Hekate’s importance to people is somewhat overlooked, because most people behind the whole Goddess of witchcraft and magic. Hekate can be a guide on the path of your life, to the afterlife, when you have died. She can help you protect you from the demons of the world. By demons, I mean the perils of the world. Karisse, told me that during one of nightmares, Hekate intervened and drove the demons that were attacking her away. So Hekate is the type of Goddess that helps you overcome your demons and helps you on your road of your life. By demons I don’t mean the Judeo - Islamic – Christian demons, but the metaphorical demons, the mental/ psychological demons that can plague us from time to time.
At this time, I don’t know enough on her to write down more than 3 points of view. I need to do some more reading on Hekate, to gain a better understanding of this deity. Through reading, I can learn more on her and form an opinion on her. Well, we will see where it takes me. I owe her allot. She stood by me in times I needed her most. I thanked her with the whole of my heart for the support she and Aidoneos have offered to me. Without them, I would have gone insane or committed suicide. They are the rocks in my life. Karisse calls Aidoneos “Dark father” and Hekate “the Dark Mother”. I never really understood it until now. They are my dark parents, who watched over me and guided me through me.

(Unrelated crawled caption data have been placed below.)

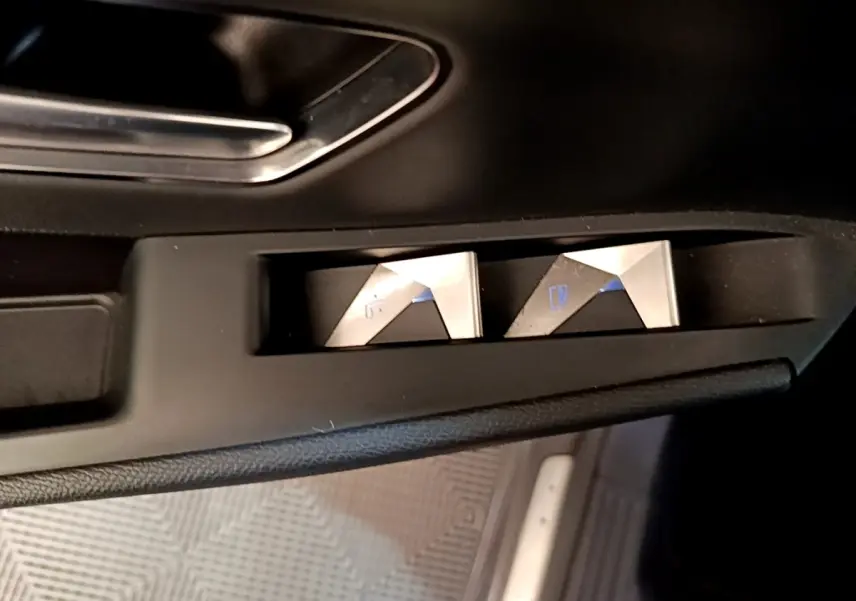 Boutons de commande des vitres électriques en métal brossé sur la portière côté conducteur d’un DS7 Crossback gris foncé.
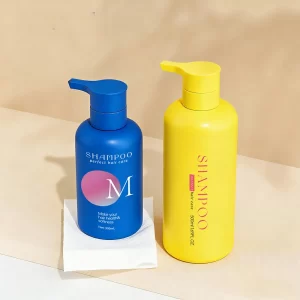 Customized 300ml hand washing hydraulic pump bottle with round shoulder and large capacity 500ml shampoo bottle for cosmetic packaging materials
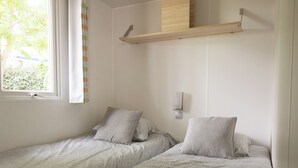 Un dormitorio con dos camas individuales, una ventana con vistas a zonas verdes, un estante montado en la pared y una lámpara de pared.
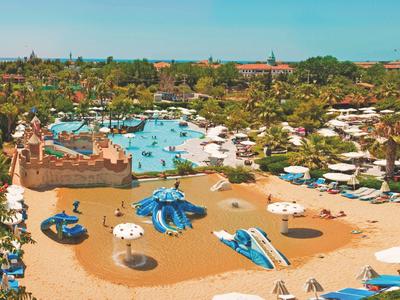 Großer Wasserpark mit mehreren Pools, Wasserrutschen und Sonnenschirmen in einer Hotelanlage.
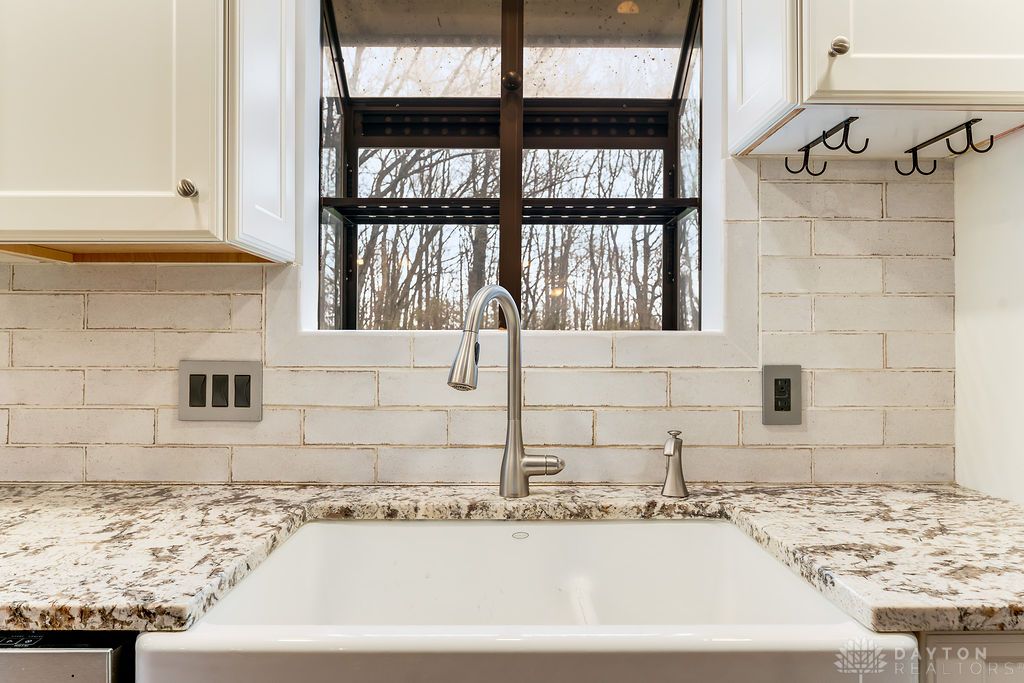 7400 Cook-Jones Road Waynesville, OH 45068 - Photo 40 of 72 This bright kitchen features a large window, a classic farmhouse sink, and elegant granite countertops.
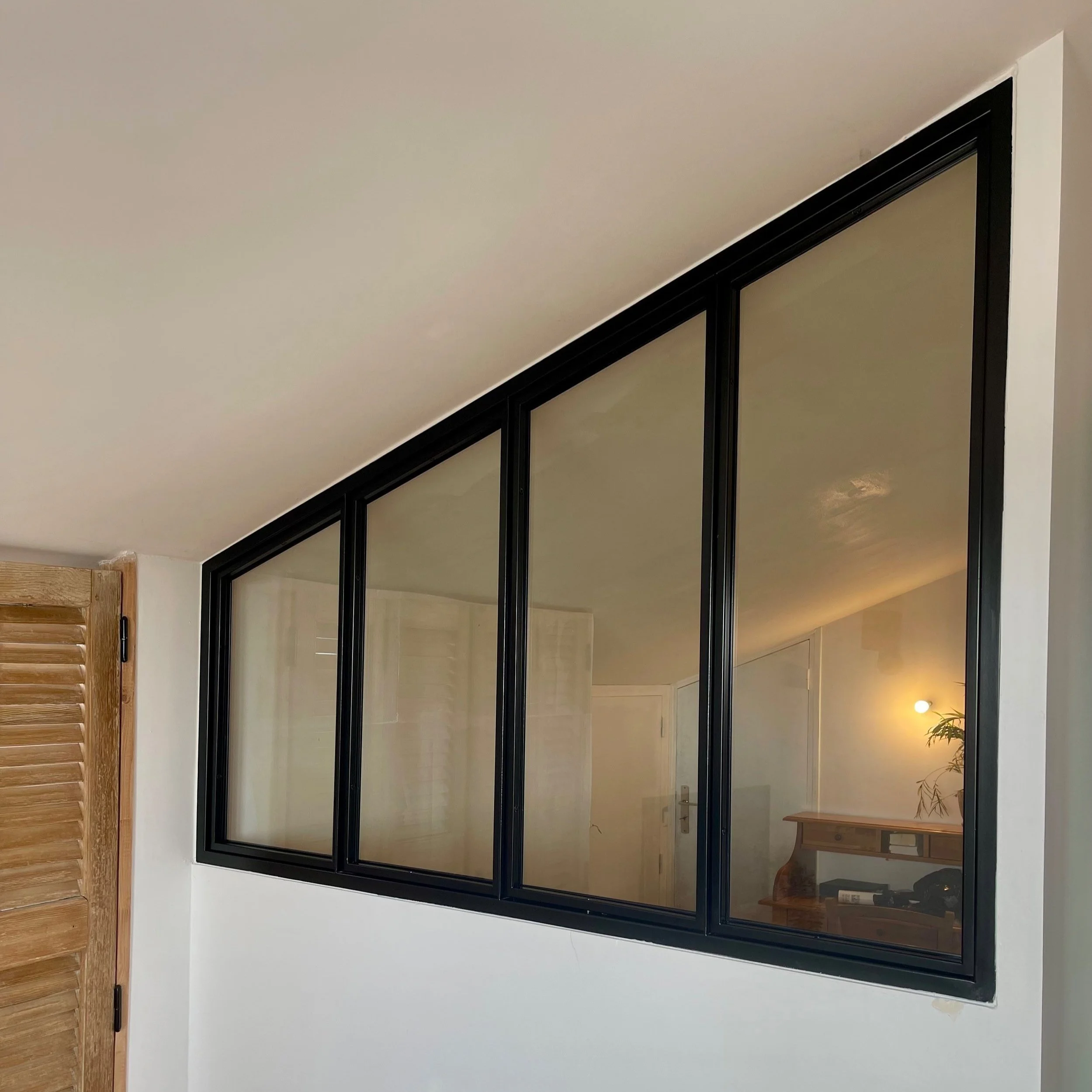 Fenêtre en verre avec cadre noir, située dans un mur blanc, avec vue sur un intérieur avec un meuble en bois, une plante et un éclairage chaud.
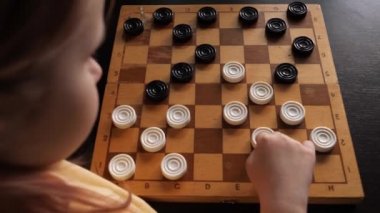 Küçük bir kız kendi kendine dama oynuyor. Bir çocuk evde masa oyunu oynuyor.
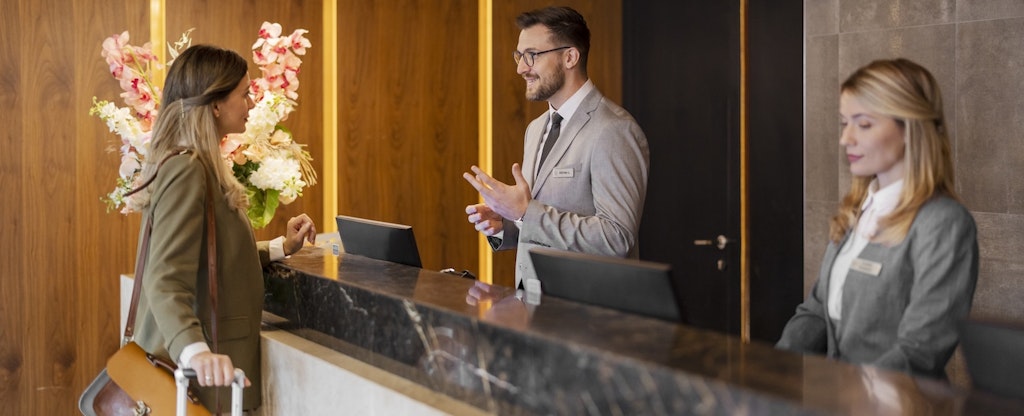 A guest stands at a hotel reception desk with their hand on the handle of their suitcase as a concierge assists them with check in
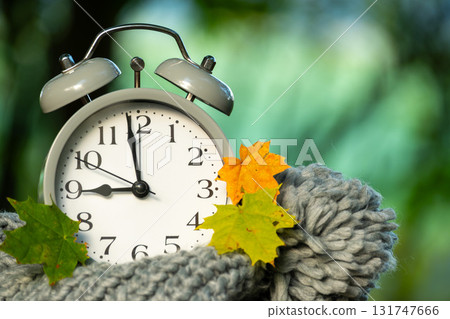 Classic alarm clock with autumn leaves nestled in a cozy gray scarf, time concept. 131747666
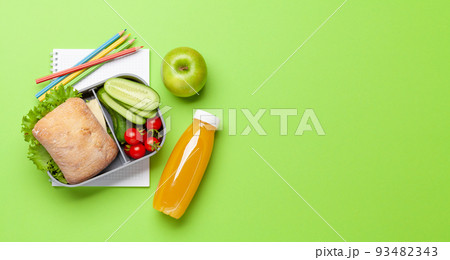 Lunch box with sandwich, vegetables and juice 93482343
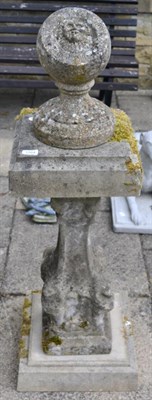 Lot 1164 - A weathered composition sundial on a baluster pillar and plinth base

Of course Apollon played a role in my life too, but I don’t call him “Father” or any other title that are giving to family members. He’s my patron deity, and I don’t feel the need to call him “uncle” or “brother”. There are some people who take this to far and start calling Hekate their mother or grandmother. The danger of not separating the human from the divine parent is possible, as they might start to think that Hekate is really their mother or grandmother to the point that they don’t accept anything else. No, there are to many people on the net spreading their beliefs based on fallacies. It’s our job as the educated pagans to correct these fallacies. And Hekate’s history and perhaps theology has suffered the most fallacies of them all.